I recently attended a class in which we meditated during the prayer Om Mane Padme Hum, sung  by Suzanne Sterling.  If you haven’t heard it, look it up.  It’s beauty belies explanation.    Om Mane Padme Hum is a Tibetan Buddist prayer which I am still struggling to understand.  I know that Mane Padme Hum, loosely translated, means jeweled lotus and pure.  The meaning of Om remains beyond my comprehension.  It is an all encompassing word that I can’t explain, but I know how it feels.   It opens my chest, it reverberates through my body,  and it connects me to my inner self; my soul, my light.  I feel at one with myself, our world,  each other, while chanting Om.   I’ve added this prayer to my meditation, and I often find myself chanting it to myself during Savasana.  It is in chanting this prayer that I have come close to that elusive goal of leaving my body, of letting go of my breath.
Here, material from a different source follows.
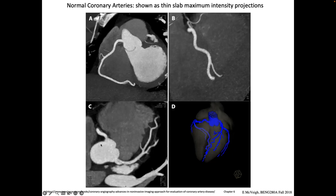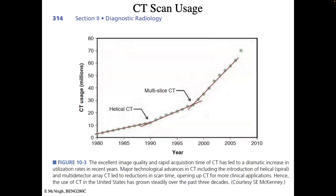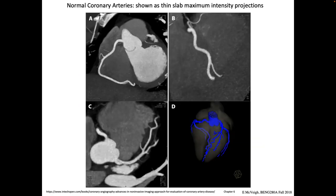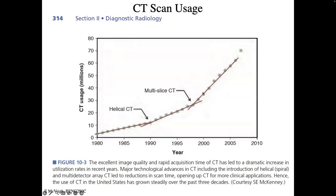The LAD comes down with gorgeous branches clearly resolved in these projection views — it almost looks fake, it's so unnaturally good compared to other imaging modalities. Those are normal vessels; we'll look at abnormal vessels shortly.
I hope to one day find myself “coming back” to my body, and I will keep working towards that goal.  In the meantime, if you see me wiggle my fingers and toes, please don’t call my bluff!


2 thoughts on “Savasana – My Nemisis

  1. I **hate** savasana. For me, it’s when the demons come out and play. Even though I meditate daily, something about savasana, right? And I can’t breathe because of the shape of my neck. Now I just keep my eyes open and wait for it to end.

    FYI, when I say, “bring your mind back into your body” (same as “come back to your breath”) at the end of sav. when I’m teaching, it’s because a *lot* of people either sleep or wander, it gets their attention back into the room, doesn’t mean anything beyond just a “wake up.”

    Hate it.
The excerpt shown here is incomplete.